◆ **DATASET EXTRACT**

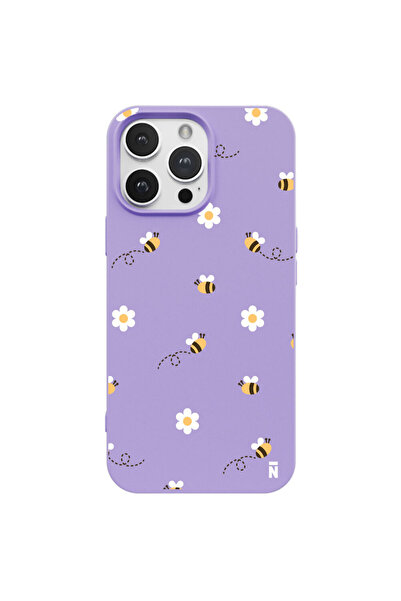 Casen iPhone 15 Pro Silikon Özel Tasarım Arı Papatya Desenli Sevimli Lila Ren...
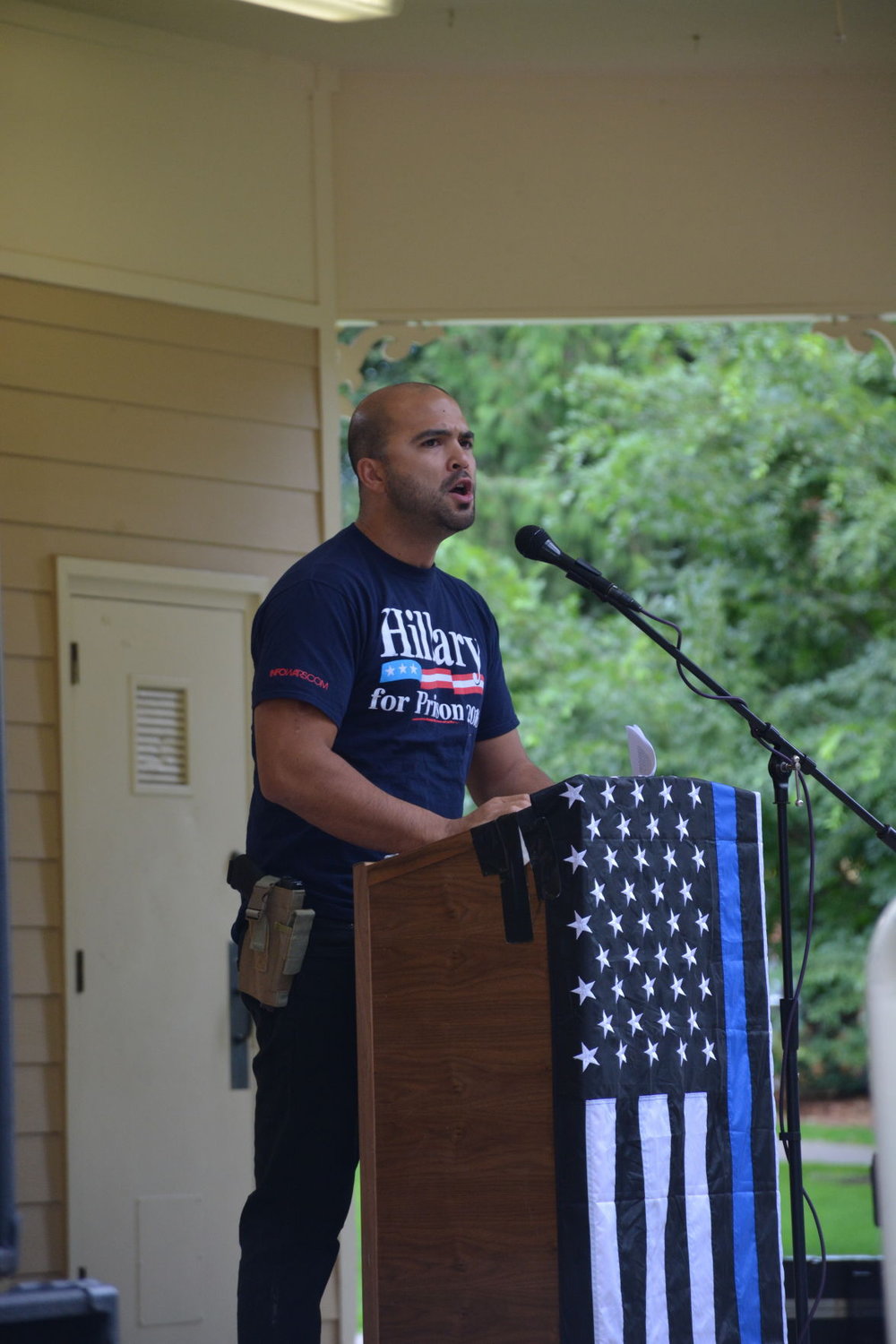 Local activist Joey Gibson addresses the crowd gathered for the first Patriot Prayer-coordinated rally at Esther Short Park in Vancouver Oct. 1, 2016. Gibson has recently announced his campaign for the U.S. Senate seat currently held by Democrat Maria Cantwell.
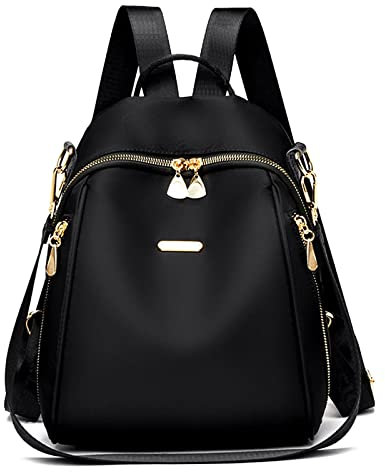 Damen Rucksack Klein, Diebstahlsicherer Taschen Handtasche Schultertasche, Mädchen Rucksackhandtaschen City Elegant Frauen Canvas Sicherheitsrucksack, Schwarz Damenrucksack mit Vielen Fächern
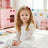 Toddler Makeup Table with Mirror and Chair Kids Vanity Set with Blowdryer for 3+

◆ **EXERCISE AIM**
All of the material must be given again exactly, though no picture may appear in the copy.

◆ **RESULT BELOW**
 Casen iPhone 15 Pro Silikon Özel Tasarım Arı Papatya Desenli Sevimli Lila Ren...
 Local activist Joey Gibson addresses the crowd gathered for the first Patriot Prayer-coordinated rally at Esther Short Park in Vancouver Oct. 1, 2016. Gibson has recently announced his campaign for the U.S. Senate seat currently held by Democrat Maria Cantwell.
 Damen Rucksack Klein, Diebstahlsicherer Taschen Handtasche Schultertasche, Mädchen Rucksackhandtaschen City Elegant Frauen Canvas Sicherheitsrucksack, Schwarz Damenrucksack mit Vielen Fächern
 Toddler Makeup Table with Mirror and Chair Kids Vanity Set with Blowdryer for 3+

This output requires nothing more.